Le chevalier d'Éon parla, le soir, de ce cartel dans le salon de milord Halifax, ministre, chez lequel il avait dîné avec le comte de Guerchy et d'autres ambassadeurs. Après avoir conféré quelques minutes avec le comte de Guerchy et deux membres du cabinet anglais, milord Halifax vint prier le chevalier d'Éon de ne pas donner suite à cette affaire, et sur son refus poli, mais énergique, il lui déclara qu'il ne le laisserait pas sortir avant qu'il eût donné par écrit sa parole d'honneur de ne pas se battre avec M. de Vergy. Et il fit entrer les gardes armés qui occupaient les antichambres.

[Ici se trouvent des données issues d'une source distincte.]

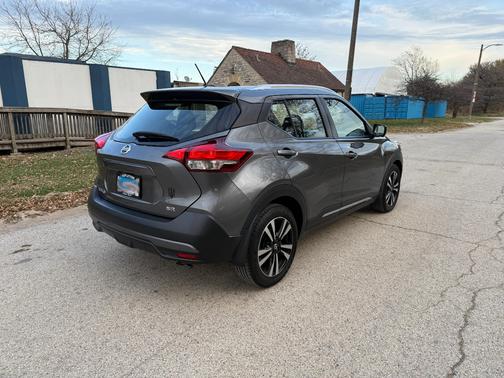 2019 Nissan Kicks SR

Le chevalier se récria contre ce procédé bizarre, en disant qu'il n'aurait jamais cru que le ministre plénipotentiaire de France se verrait prisonnier en Angleterre chez le secrétaire d'État. Mais rien n'y fit. Je ne signai, enfin, dit le chevalier d'Éon, que lorsque tous les soldats s'étant retirés, l'ambassadeur M. le comte de Guerchy me l'ordonna expressément, et qu'il eut lui-même signé le prétendu billet d'honneur, ainsi que les trois ministres d'État de Sa Majesté britannique.

Le lendemain, de Vergy s'étant présenté, en habit de combat, chez le chevalier d'Éon, celui-ci le reçut de telle façon et lui fit une telle peur, en lui montrant son sabre turc et ses pistolets d'ordonnance, que de Vergy consentit à signer, à son tour, un billet dans lequel il promettait, sur sa parole d'honneur, d'apporter, d'ici à quinze jours, de bonnes lettres de recommandation et de ne plus se présenter, d'ici-là, à l'ambassade de France.

Le chevalier d'Éon alla ensuite montrer cette pièce au comte de Guerchy qui lui dit qu'il s'en était tiré avec honneur ; mais le comte demandait en même temps à M. de la Rozière, parent de d'Éon, s'il ne s'était pas aperçu, comme lui, que son cousin avait, depuis quelque temps, des accès d'aliénation mentale.

De Vergy nous apprendra plus tard le secret de cette comédie tombée à plat par la couardise du pauvre diable chargé du principal rôle.